Bearing in mind our next up-grade will be a back-garden goldfish pond…
…and factoring in the years it will take our inch long shubunkin to attain his or her potential 12-inch length, I believe our tank’s eco-system can healthfully support another fish.
Shubunkin are as hardy as they are pretty … which is a bit of a refreshing change in the aquarium world. Even so, as the above link admirably fills in the species specifics, I’d like to employ the rest of this post toward sharing my “introducing a fish” tips for the benefit of those new to aquarium keeping.
Admittedly today’s was an unexpected buy. I normally bring a small padded cooler to transport new plants or fish from store to home – the goal being to keep the temperature of the bagged water as stable as possible to stave off shock.

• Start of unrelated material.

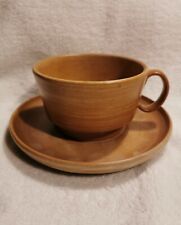 Céramique tasse soucoupe d'occasion  Antonne-et-Trigonant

I did have my padded gym bag in the car so used that instead.
Once home, I turned off my aquarium’s light and gently placed the still sealed bag into the water – hooking it in place with the tank’s lid. Our resident goldfish, Flash and George, immediately started nosing against it, and as quickly seemed to lose interest. Meanwhile, the newcomer was given a chance to acclimate to yet another temperature change.
Twenty minutes later I lifted the bag back out of the tank and very gently poured the contents, water and shubunkin, into a small transfer bowl. I waited a moment and added about two cups of water from the 46-gallon tank.

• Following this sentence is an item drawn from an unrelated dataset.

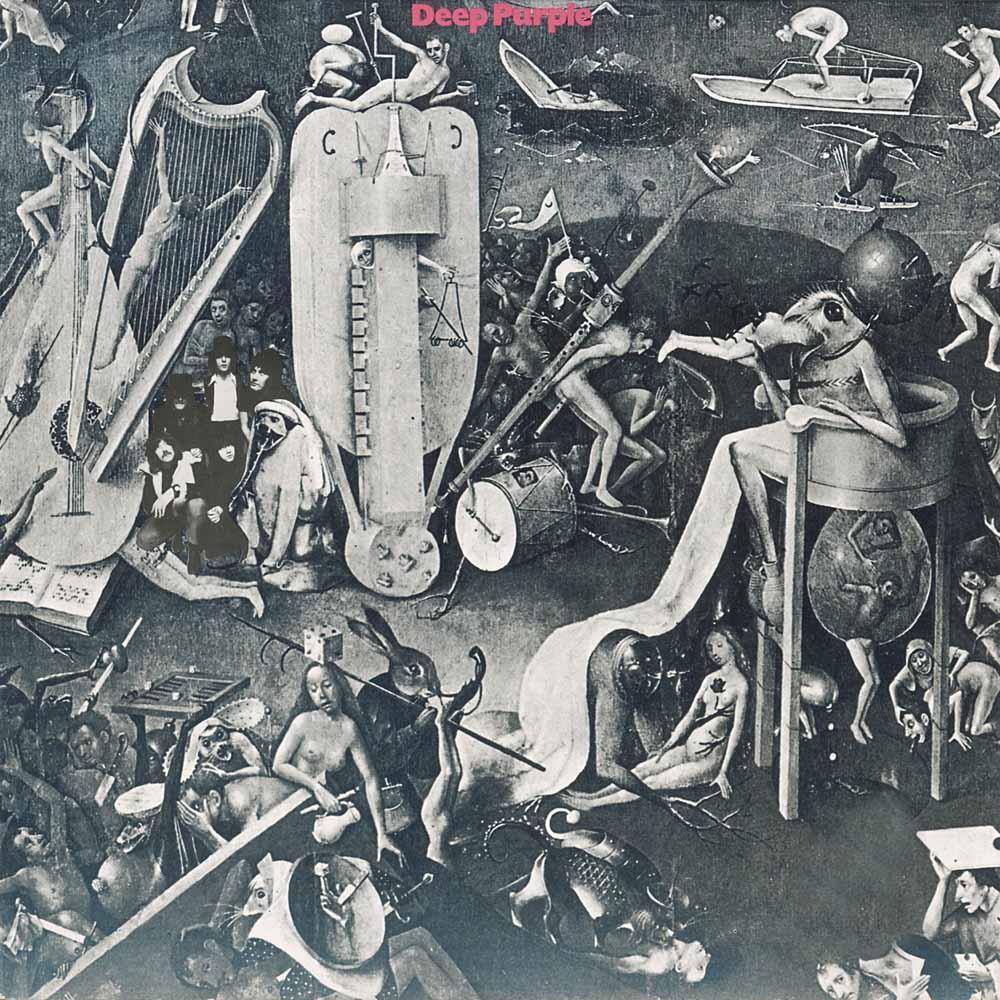 Deep Purple - Deep Purple (Vinile)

I believe this gives a new fish a chance to ‘taste’ what’s coming next. The idea is to mitigate shocks to the system. Ten minutes later, I carefully netted the little fellow and ever so gently lowered him into his new home. He hung out in the net for a few moments, drifted away from it then suddenly darted toward the darkest corner of the tank… seeking cover amongst the foliage – plastic and real. A minute or two later and he was exploring the lower regions of the tank, then gradually venturing into what hopefully seems like an expansive habitat.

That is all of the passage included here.